Setting Up Apache Sqoop 2 Using the Command Line
Sqoop 2 is a server-based tool designed to transfer data between Hadoop and relational databases. You can use Sqoop 2 to import data from a relational database management system (RDBMS), such as MySQL or Oracle, into the Hadoop Distributed File System (HDFS), transform the data with Hadoop MapReduce, and then export it back into an RDBMS.
Sqoop 2 has three packaging options for installation:
- Tarball (.tgz) that contains both the Sqoop 2 server and the client.
- Separate RPM packages for Sqoop 2 server (sqoop2-server) and client (sqoop2-client)
- Separate Debian packages for Sqoop 2 server (sqoop2-server) and client (sqoop2-client)
These topics describe the steps to install Sqoop 2.
Feature Differences - Sqoop 1 and Sqoop 2
Feature | Sqoop 1 | Sqoop 2 |
---|---|---|
Connectors for all major RDBMS | Supported. |
Not supported.
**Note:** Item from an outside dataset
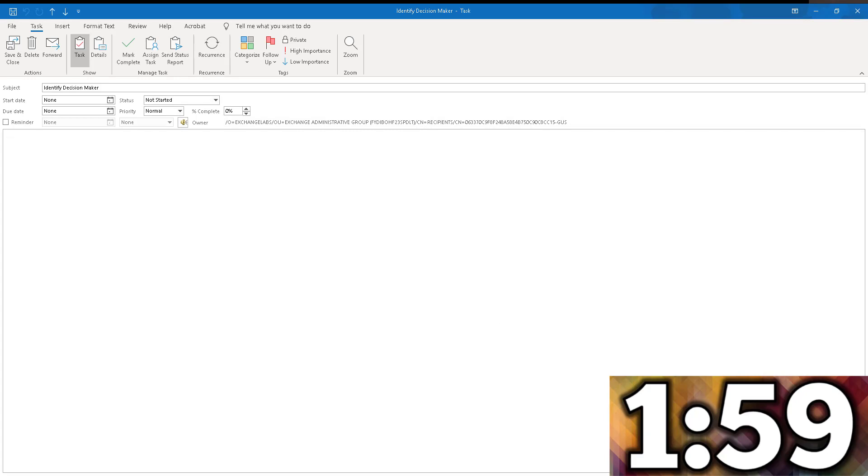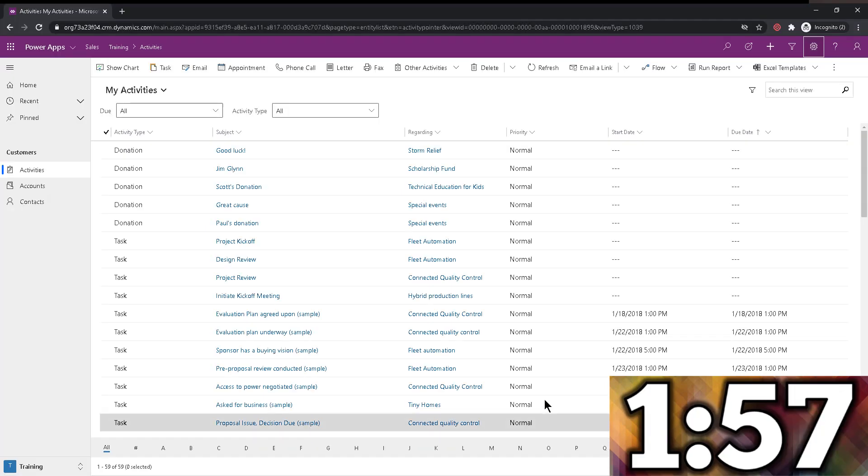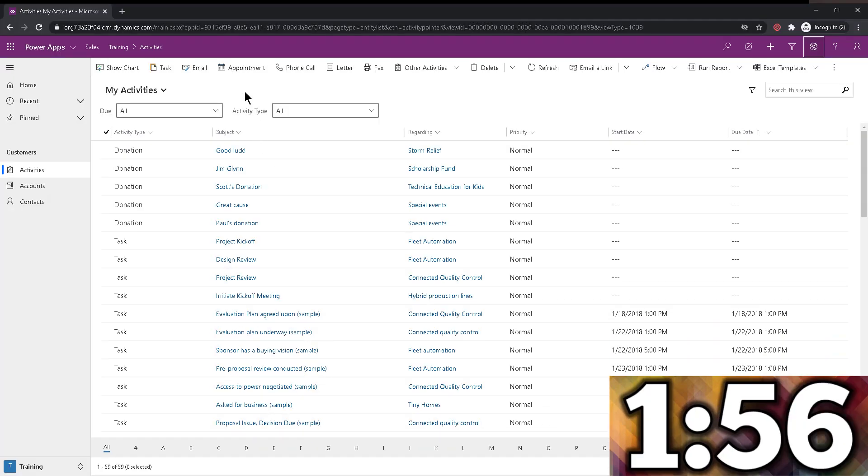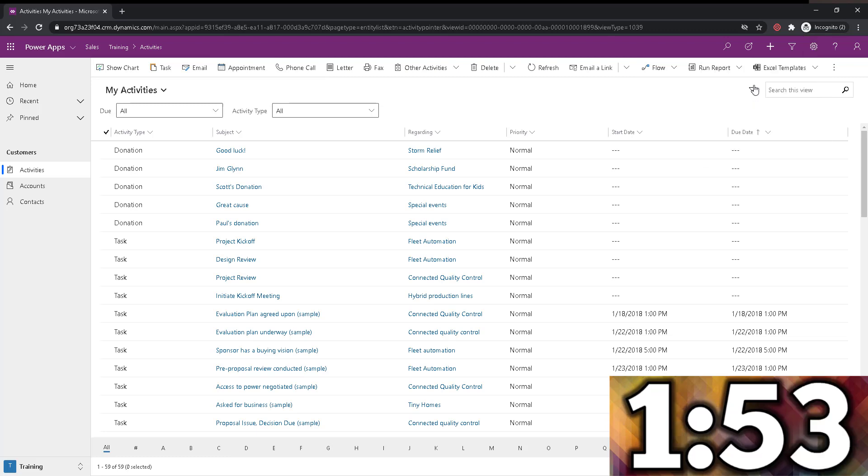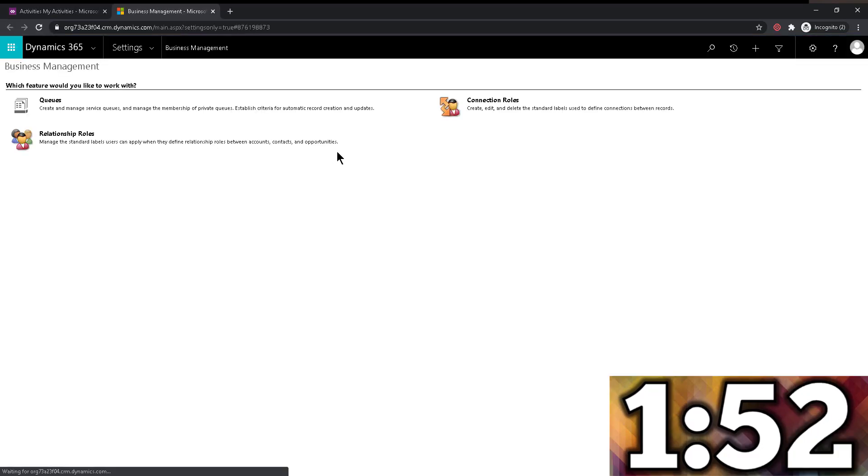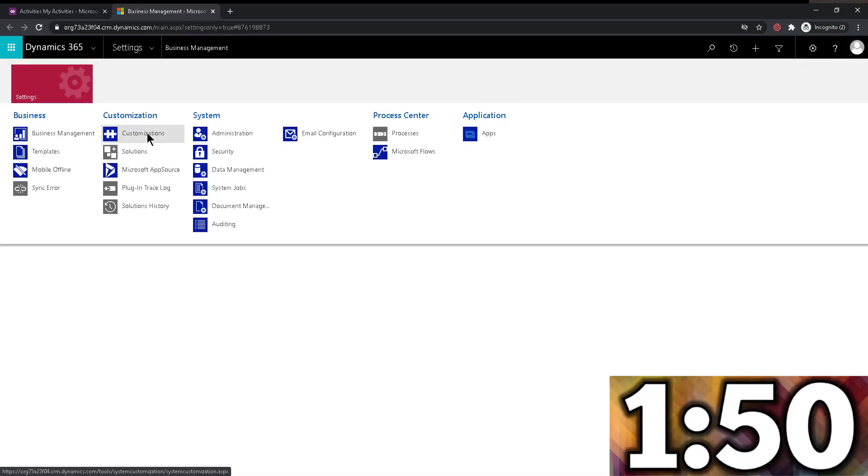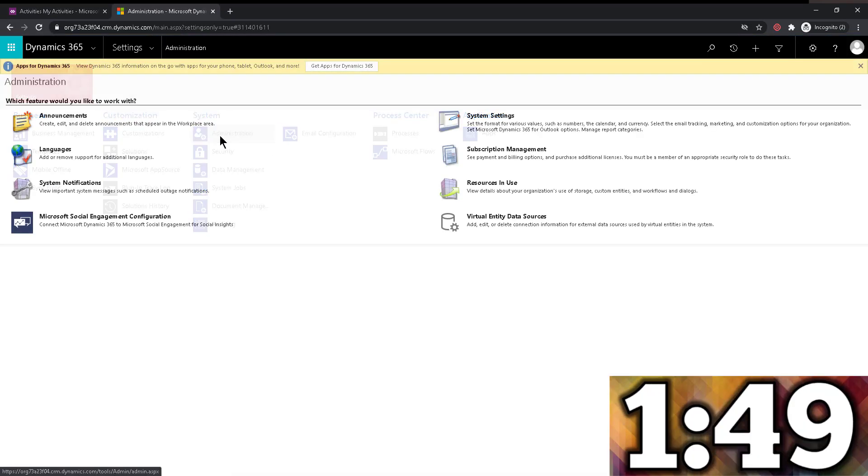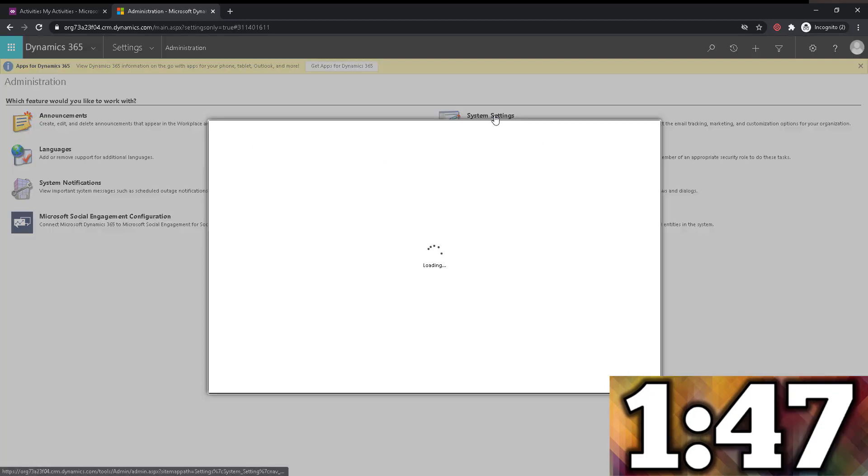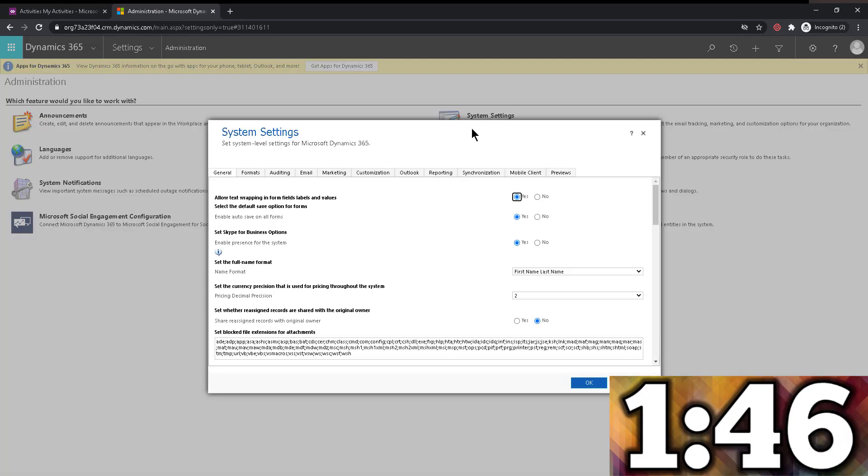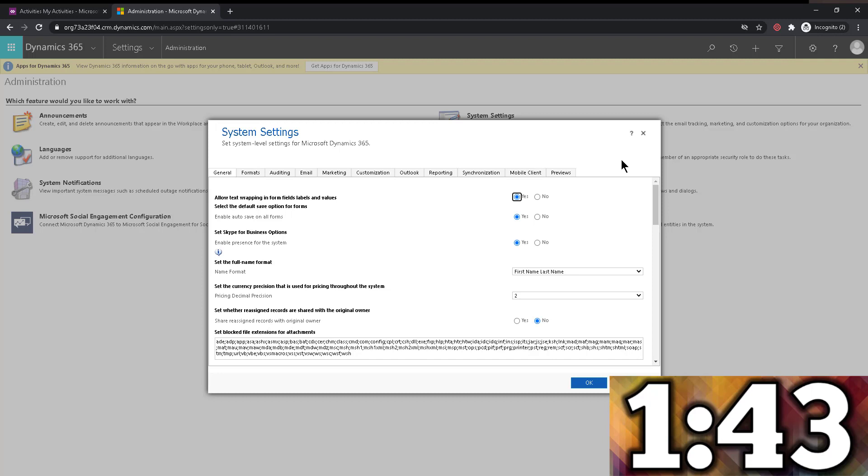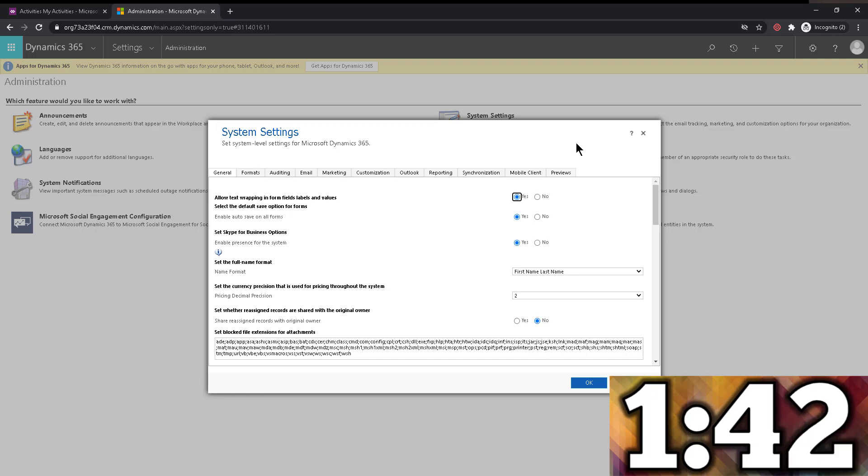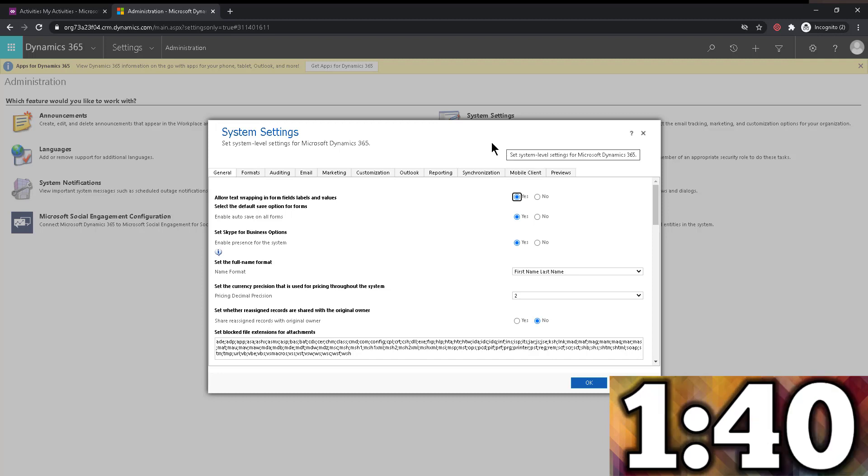So what I'm going to do is I'm going to switch to my Dynamics 365, which is right here, and then I'm going to navigate into advanced settings. And once this opens, we're going to go into administration, system settings. Today's Labor Day that I'm recording this, this thing is so snappy, I guess no one is using Dynamics in the US, which is great.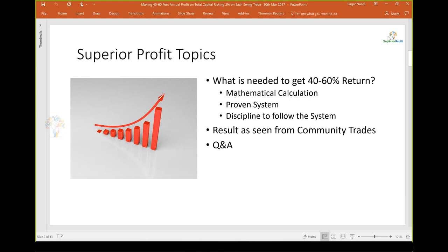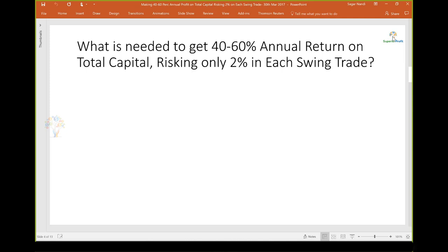In today's topic, we will look at what is really required to get substantial 40 to 60% annual return on total capital, based on mathematical calculation. Then we will look at trades using the Superior Profit way and Q trading system that supports the required success rate. We also need discipline to follow the trading system. Q&A is throughout the session — use the Q&A panel to ask questions.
Workaround: Use the generic JDBC Connector which has been tested on the following databases: Microsoft SQL Server, PostgreSQL, MySQL and Oracle. This connector should work on any other JDBC compliant database. However, performance might not be comparable to that of specialized connectors in Sqoop. |
Kerberos Security Integration | Supported. |
Supported. |
Data transfer from RDBMS to Hive or HBase | Supported. |
Not supported. Workaround: Follow this two-step approach.
|
Data transfer from Hive or HBase to RDBMS | Not supported.
Workaround: Follow this two-step approach.
|
Not supported. Follow the same workaround as for Sqoop 1. |
Sqoop 2 Prerequisites
- An operating system supported by CDH 5.
- Oracle JDK.
-
Hadoop must be installed on the host that runs the Sqoop 2 server component.
- Services that you want to use with Sqoop, such as HBase, Hive HCatalog, and Accumulo. Sqoop checks for these services when you run it, and finds services that are installed and
configured. It logs warnings for services it does not find. These warnings, shown below, are harmless.
> Warning: /usr/lib/sqoop/../hbase does not exist! HBase imports will fail. > Please set $HBASE_HOME to the root of your HBase installation. > Warning: /usr/lib/sqoop/../hive-hcatalog does not exist! HCatalog jobs will fail. > Please set $HCAT_HOME to the root of your HCatalog installation. > Warning: /usr/lib/sqoop/../accumulo does not exist! Accumulo imports will fail. > Please set $ACCUMULO_HOME to the root of your Accumulo installation.
Installing Sqoop 2
Sqoop 2 is distributed as two separate packages: a client package (sqoop2-client) and a server package (sqoop2-server). Install the server package on one host in the cluster; because the Sqoop 2 server acts as a MapReduce client, this host must have Hadoop installed and configured.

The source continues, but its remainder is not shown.